# Use of my house by NTL for their cable



## noilh (21 Jun 2007)

I''ve just returned home to find several men in my garden with cable and ladder hammering on my house.  The men were Polish I think and were unable to explain what they were doing and why. Eventually they located a English speaking person who explained that it was NTL renewing the cable.   Now I don't have cable TV and have no interest in it and am wondering if it would be possible to have NTL compensate me financially for allowing them to route their cable along my house.  Any legal eagles out there might let me know if I might be able to profit in some way from being so accommodating to NTL?


----------



## GeneralZod (21 Jun 2007)

If I arrived back and found someone hammering my property military operations against former warsaw pact forces would commence. 

NTL wanted to put a cable through my parents garden a decade or so ago. They made them remove some temporary cabling across the road and put it underground. 

AFAIK they have no right of way through anyones property.


----------



## z108 (21 Jun 2007)

was this your front or back garden ? did they install something which wasnt there before or did they simply replace a cable which had always been there?


----------



## ClubMan (21 Jun 2007)

I would expect that they would need permission to enter your property and attach cables to it.
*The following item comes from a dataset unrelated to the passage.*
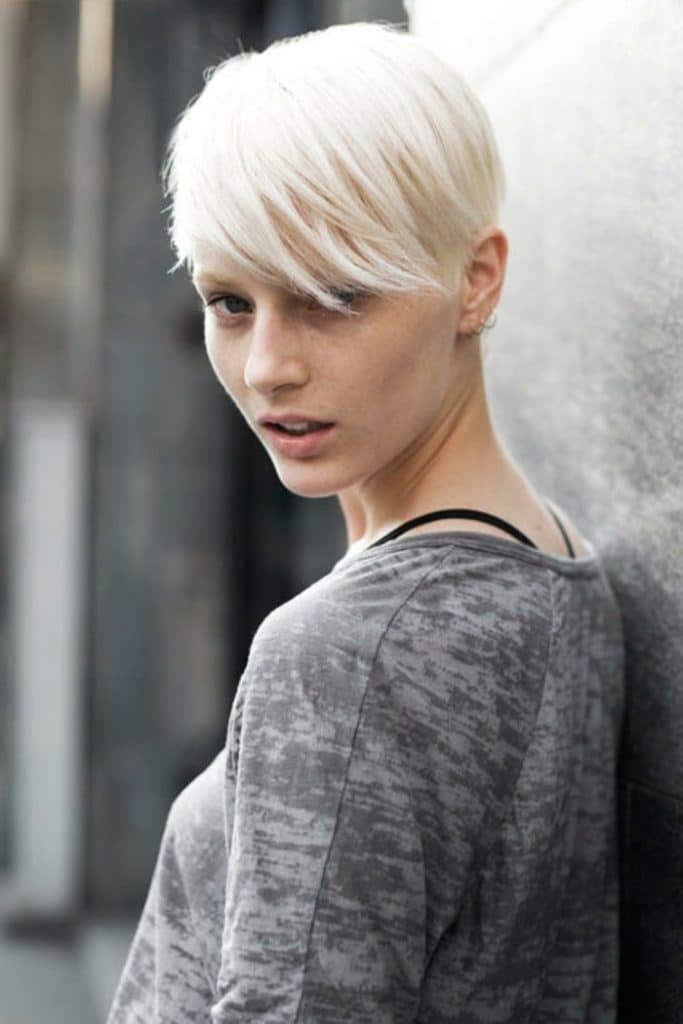 25 Couleurs de Gris pour Cheveux Court Tendances en 2023 3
I doubt that you would be able to profit from it but I would expect that you could object and have it removed.


----------



## z108 (21 Jun 2007)

You could also remove it yourself or you could have called the Guards at the time.


----------



## KalEl (21 Jun 2007)

My folks have received free NTL forever in exchange for allowing an underground wire through their property


----------



## noilh (21 Jun 2007)

They were in the front garden of the house.  I told them to leave and they did so without completing the job as far as I can make out.  They asked if they could do the work  in the morning .  I said no that I did not want the cable there unless I was paid for allowing it (although the old cables have been there now for 20 years more or less).  I felt I was chancing my arm a bit as I don't know the law and my rights.  All comments are helpful thanks.


----------



## potnoodler (21 Jun 2007)

I've had a lot of trouble with eircom over their shoddy mess of wires dangling from my house, and I know people who had the same trouble with the ESB in moving poles. So the long term view is can they charge you for moving or damaging their cables.


----------



## Frank (22 Jun 2007)

30 years ago before ntl arrrived my father put up a temporayry Antenna wire on the house.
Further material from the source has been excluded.